Selected datasets can be moved with a single pass through the source storage system, eliminating overhead associated with repeated scans, while supporting continuous migration of any ongoing changes from source to target, with zero disruption to current production systems.
Any-size datasets — from terabytes to multiple petabytes — can be moved without affecting production environments. Horizontal scaling capabilities allow users to scale their migration capacity by configuring transfer agents to maximize the productivity of available bandwidth.
Users can manage the full data migration directly from the Azure portal. Additionally, Data Migrator for Azure can be configured and operated from the Azure CLI.

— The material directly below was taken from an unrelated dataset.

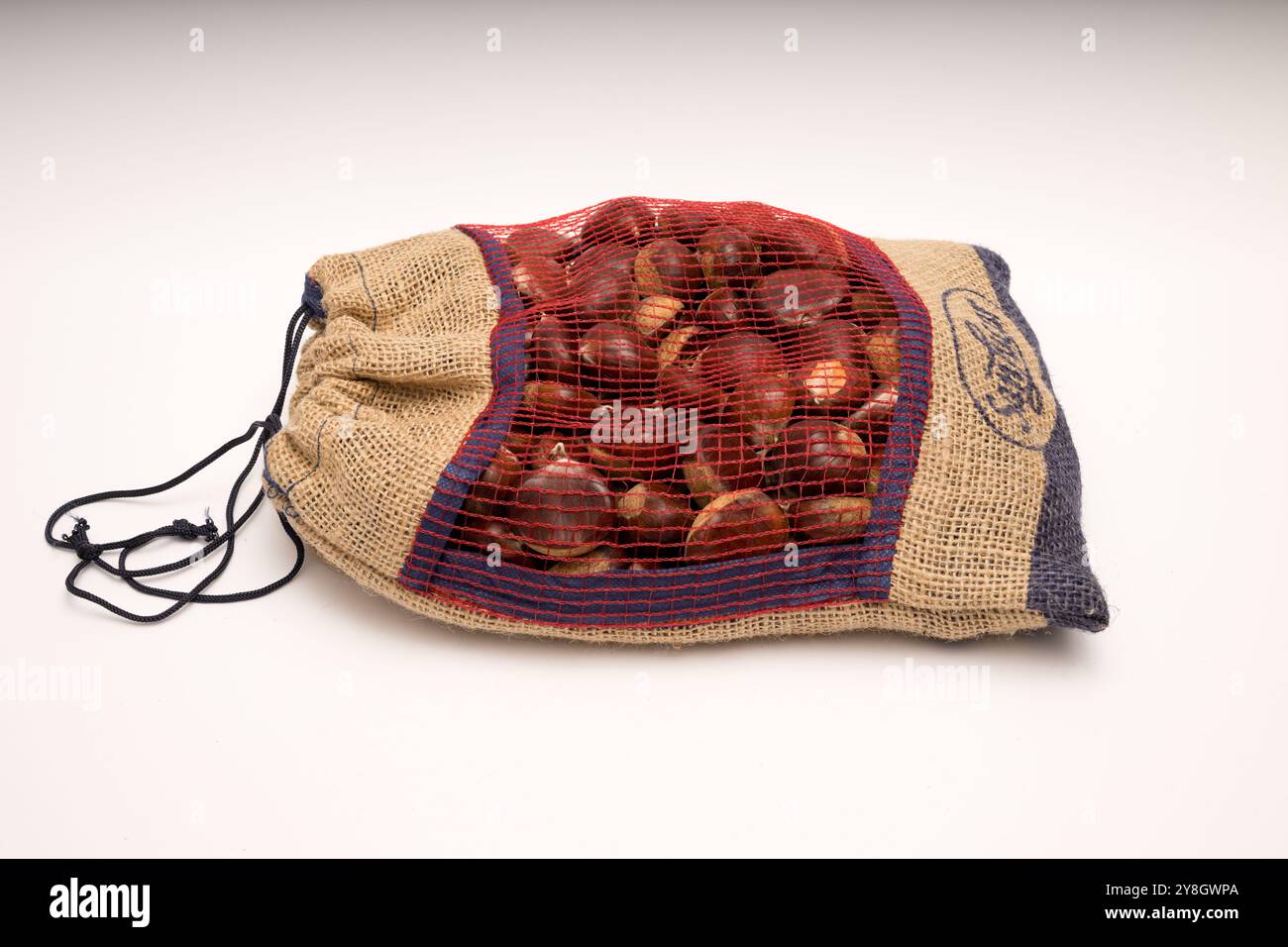 , Deutschland, Rheinland-Pfalz, 05.10.2024, ein Netzbeutel voller frischer Kastanien, verpackt in einem robusten Jutesack. Maronen, Esskastanien, Kas Stockfoto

Organizations can configure migration jobs to meet their specific needs, such as defining sources, targets, and which data to migrate. There are also advanced capabilities, such as migration prioritization, path mapping, and network bandwidth-management controls.
Data Migrator for Azure enables hands-off operations by providing updates on the migration, from health and status metrics for estimates on migration completion, to information on files transferred over time, migration path exclusions, failed transfers, and real-time insights regarding data usage.